I spoke your name while writing it. And as usual I had a shy smile on my face where I scratch my forehead looking down, so that nobody notices it. Now only you know this secret.
Twenty three years of your life will soon be completed. And I should congratulate you for your phenomenal achievements so far. But as they say “Rest if you must, but don’t you Quit“. Never quit on life. More milestones are waiting to be achieved. May you become the Chief of Indian Army one day. And when you do, re-read this letter because someone someday prayed for it.
24 June 2014.
The date still hangs around , weighing me down in your love.

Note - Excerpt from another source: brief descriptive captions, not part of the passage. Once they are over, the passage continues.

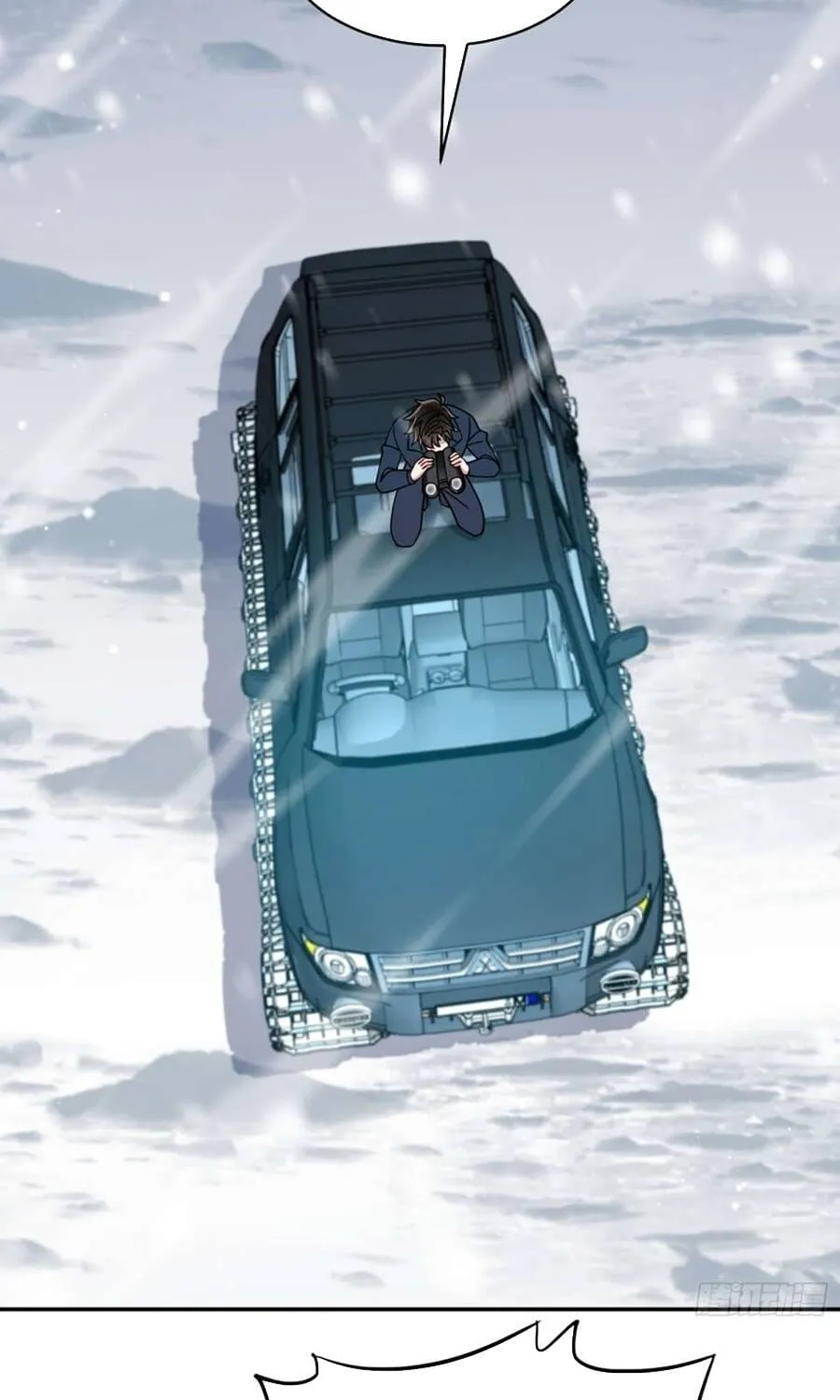 Chapter 158 - Trang 4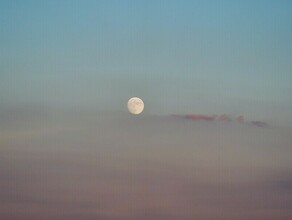 Гороскоп 9 декабря Девам не стоит много думать Скорпионов потянет на авантюры 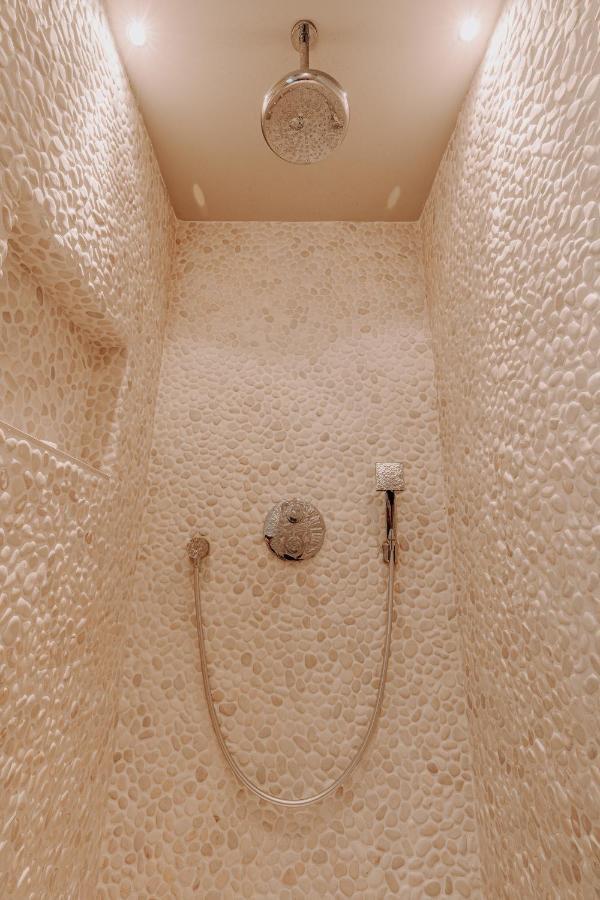 Deluxe King Suite,1050256252:JPEG
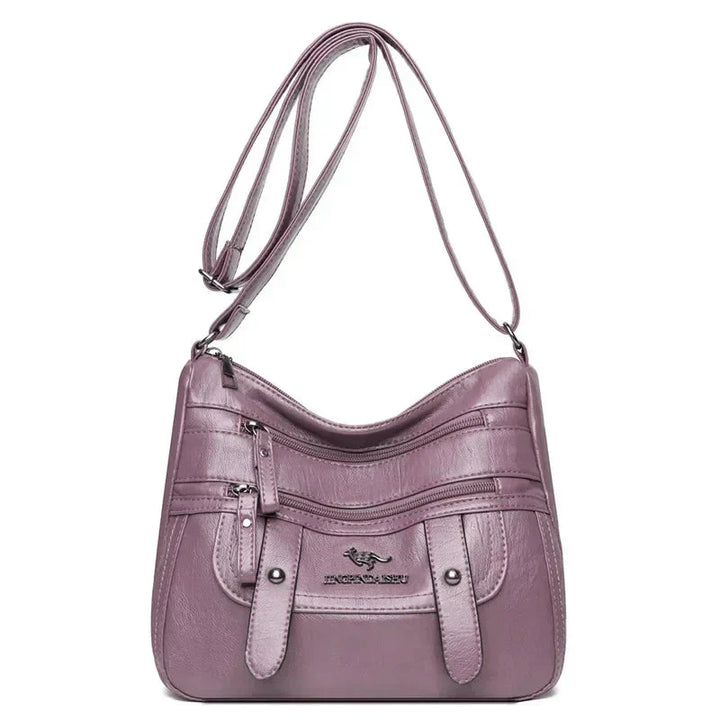Adele™ | The Bag that Exudes Class and Character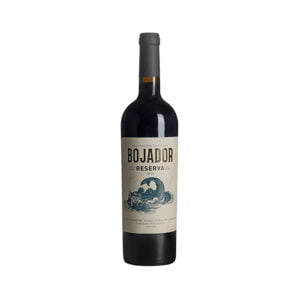 Bojador Reserva Tinto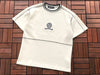 T-Shirts Ch Hearts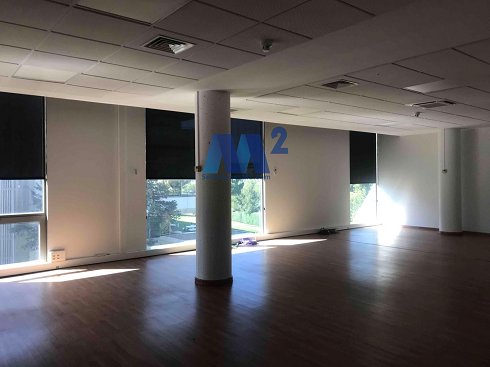 Fotograf�a de Oficina en alquiler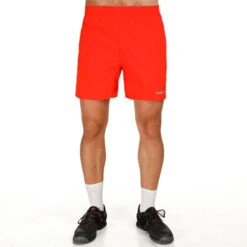 Head Club 7in Shorts Special Edition Men -ADIDAS Store 07678000 0 5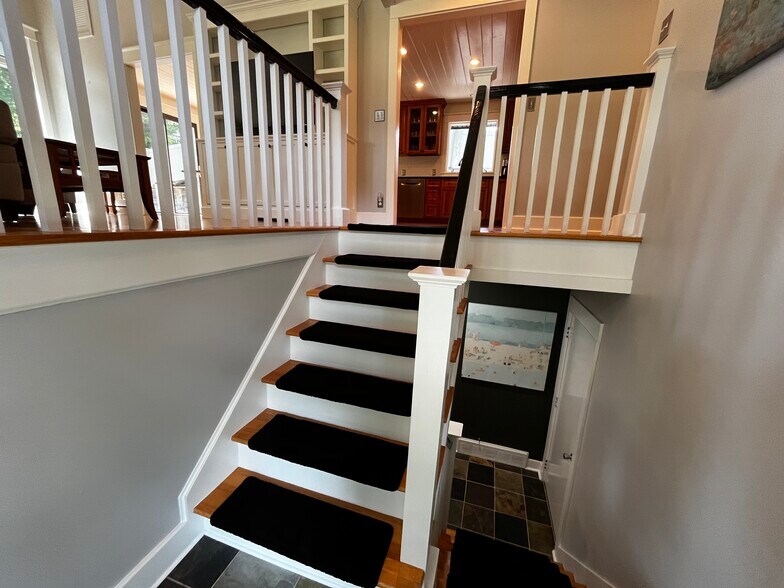 Building Photo - 17282 Timber Dunes Dr
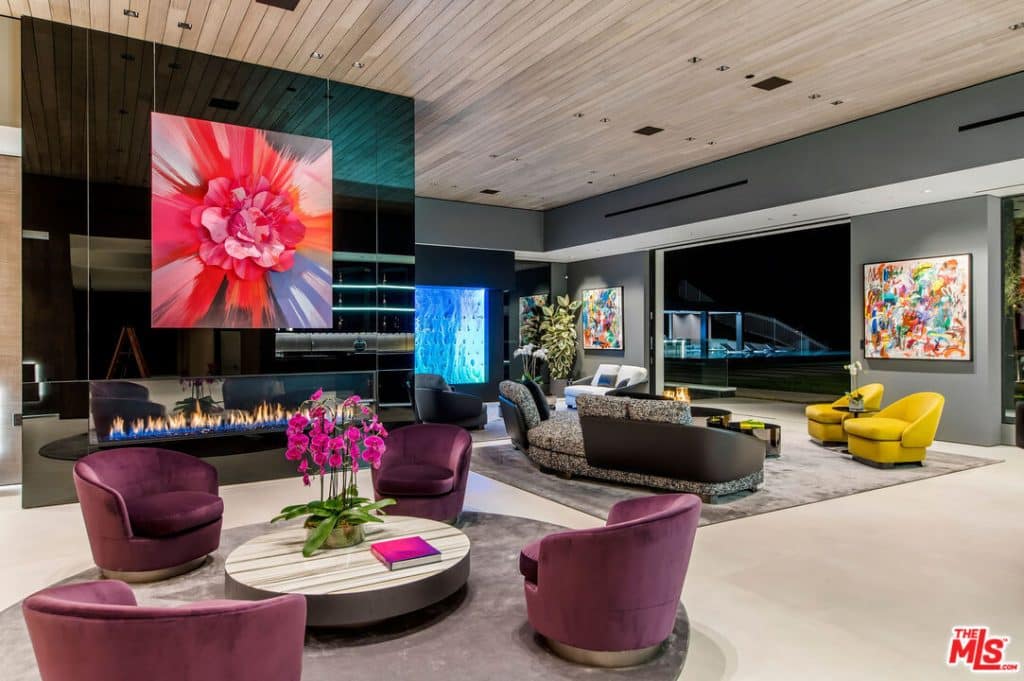 25354 Prado De La Felicidad, Calabasas, CA 91302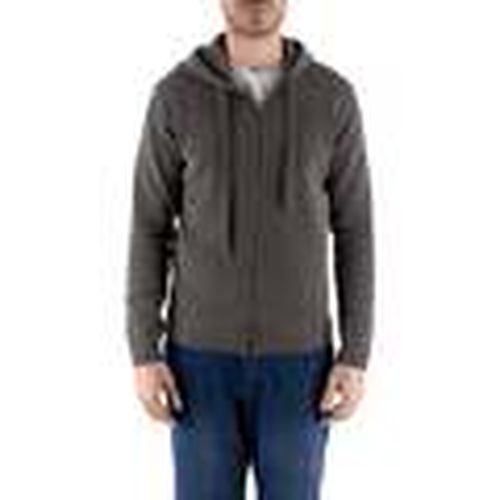 Sudaderas con capucha Goteborg para hombre - Devid Label - Modalova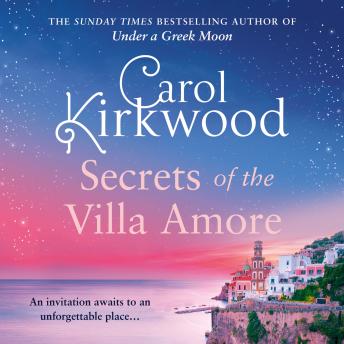Listen To The Immersive Full Audiobook Now, Curious Minds!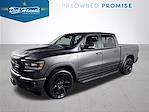 Used 2022 Ram 1500 Laramie Crew Cab for sale #709091 - photo 1
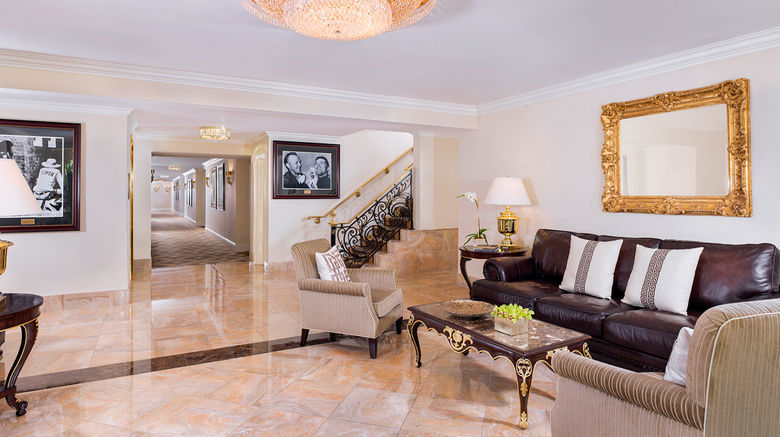 <b>Trump National Doral Miami Lobby</b>. Images powered by <a href="https://www.leonardoworldwide.com/" title="Leonardo Worldwide" target="_blank">Leonardo</a>.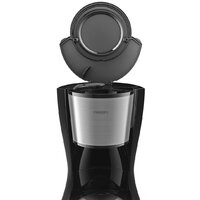 Капельная кофеварка Philips HD7462/20 - Изображение №4 — Chaika Market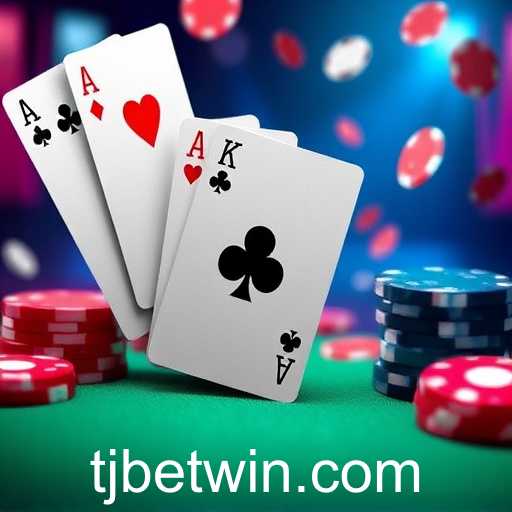 The Evolution of Online Gaming Platforms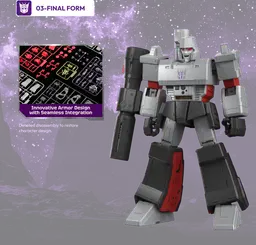 92018_mo_hinh_blokees_transformers_71167_transformers_ae02_g1_megatron_4.png 3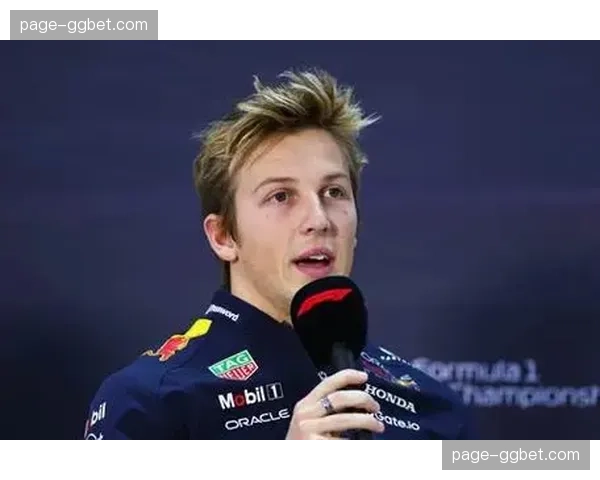 深度调查:德国足球地理——为何红牛系球队成为高位战术的“黄埔军校” 深度调查:德国足球地理——为何红牛系球队成为高位战术的“黄埔军校”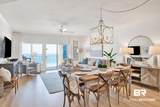 26200 Perdido Beach Boulevard - Photo 8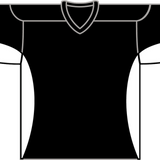 Kobe Two-Tone Premium Practice Hockey Jersey - 5450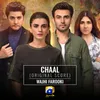 Chaal (Original Score)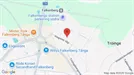 Apartment for rent, Falkenberg, Halland County, Trombonvägen<span class="blurred street-number" onclick="ProcessAdRequest(866819)"><span class="hint">See no.</span>[xxxxxx]</span>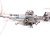 2026 Nissan Sentra Shaft Steering Column Assy 2.0l At Fwd 48805 6LB5A Replacement 2026 Nissan Sentra Shaft Steering Column Assy 2.0l At Fwd 48805 6LB5A Replacement thumbnail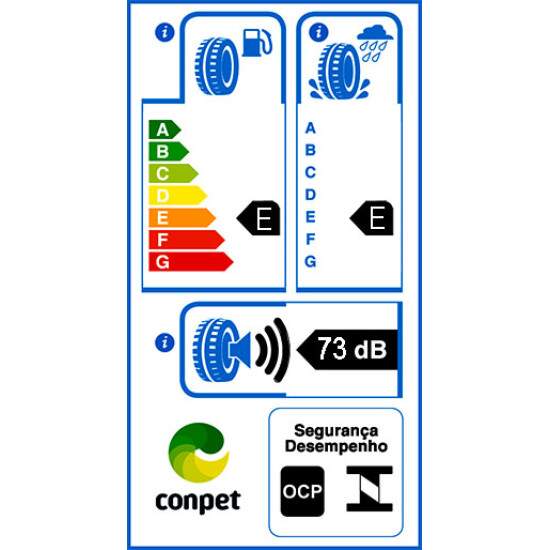 アップル perfoma275 Fechadura Externa Ipanema Reta Preta ESP27 (40x53 PY43) Soprano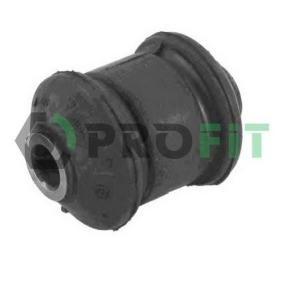 Achetez des Suspension, bras de liaison PROFIT 2307-0065 à prix pour 3,32 €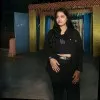 Anushka Srivastava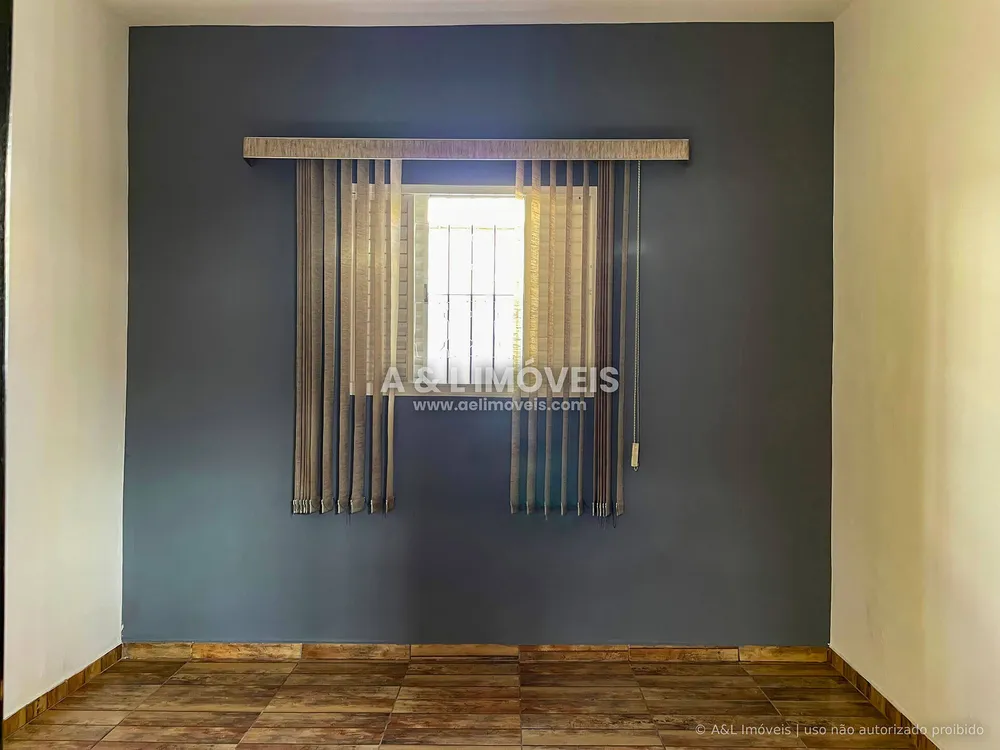 Casa, 5 quartos, 227 m² - Foto 12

I get up with it every morning, I sleep on it every night. It has stayed . It has stayed in the rose kept in my diary. It has stayed in the soiled ticket of Regal. Follows me everywhere. And when I shut my eyes to it, it transforms into a million colors bursting in front of me.
The Smile, Yellow, Sunshine. The Rose, Red, Love. The Tiger, White, Happiness.The Coffee, Brown, Hunger. The Movie, Green, Delight. The Lift, Grey, Passion. The Metro, Black, Sorrow.
The date still hangs around , weighing me down in your love. The date you returned to your first love, the Army. Time has killed it but it stays alive in me, in the dried rose, in the soiled ticket. I will wait.
My head’s under water, but I am breathing fine.
I miss you in a simple, desperate, human way.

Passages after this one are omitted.